What each section of the signed-in dashboard is for and how to get started.

Overview

After sign-in you land on Overview. It shows high-level stats: how many wallets you monitor, how many notifications were sent, and how many monitors are active. Below that you see recent notification activity with delivery status (sent, pending, failed).

Illustrative layout: overview counters and recent activity.

Wallet monitoring

Wallet Monitoring is where you add blockchain addresses and choose network, tokens, minimum amount, and optional webhook URL. You can pause or resume a monitor, edit tokens and thresholds, or remove a monitor. Addresses must match the selected network format.

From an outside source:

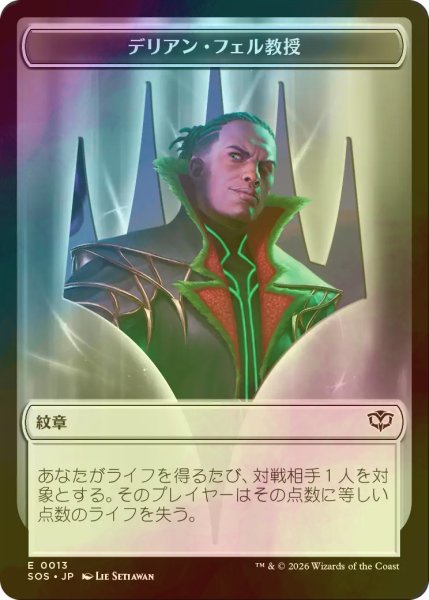 画像1: [FOIL] デリアン・フェル教授/PROFESSOR DELLIAN FEL & 邪魔者/PEST No.008 【日本語版】 [SOS-トークン] (1)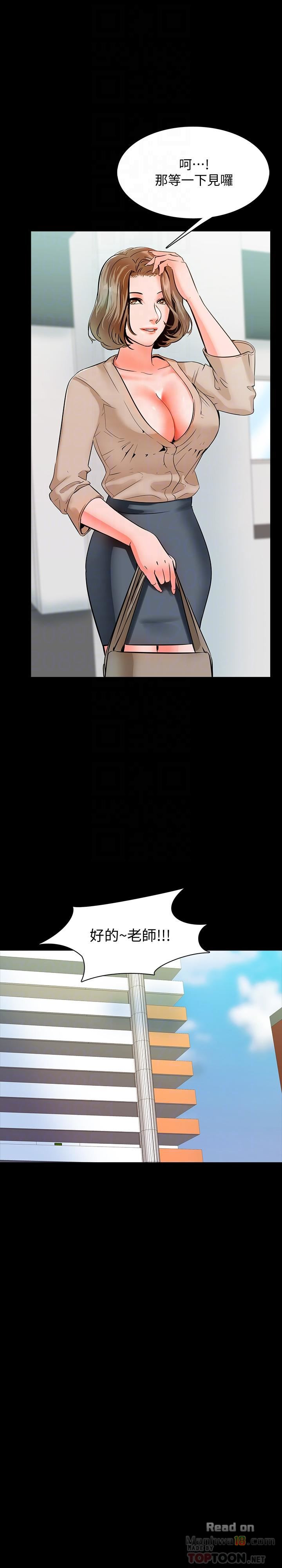 A Tutor Raw Chapter 10 Page 8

Illustrative layout: table of monitors with address, network, tokens, and status.

Notifications

This page lists notification history with filters for status, channel, and network. Use it to confirm webhook or Telegram delivery and inspect payloads when debugging.

Credits

Credits power deliveries (for example webhooks and channel alerts). See your balance, buy packs, and review usage from the Credits section.

Payments (dashboard)

The Payments section lets you create crypto payment pages and attach receiving addresses per network. Use it from the dashboard after you sign in.

  1. Open Dashboard → Payments and click New payment page. Enter a name (for example, a store or campaign) and create the page.
  2. Open the page from the list. The dashboard shows counters for wallets in the pool, payments waiting, paid, and expired.
  3. Go to the Address pool tab and click Add wallet. Choose the blockchain network, paste the public receiving address for that network, and confirm. You can add multiple addresses; each row shows whether an address is free, in use for a payment, or disabled.
  4. Use the Payments tab to see incoming payment records for this page: status, linked wallet, webhook payload preview, and creation time.
  5. Share or embed the public payment page link where customers should pay; incoming transfers to your pool addresses are tracked according to your service settings.

Addresses must be valid for the selected network. Only add wallets you control.

API keys & webhooks

Create API keys for server-to-server calls. The first time you create a key, a webhook signing secret (whsec_…) may be shown once—store it safely. You can disable or rotate keys from the same page.

Illustrative layout: masked API key and webhook secret area.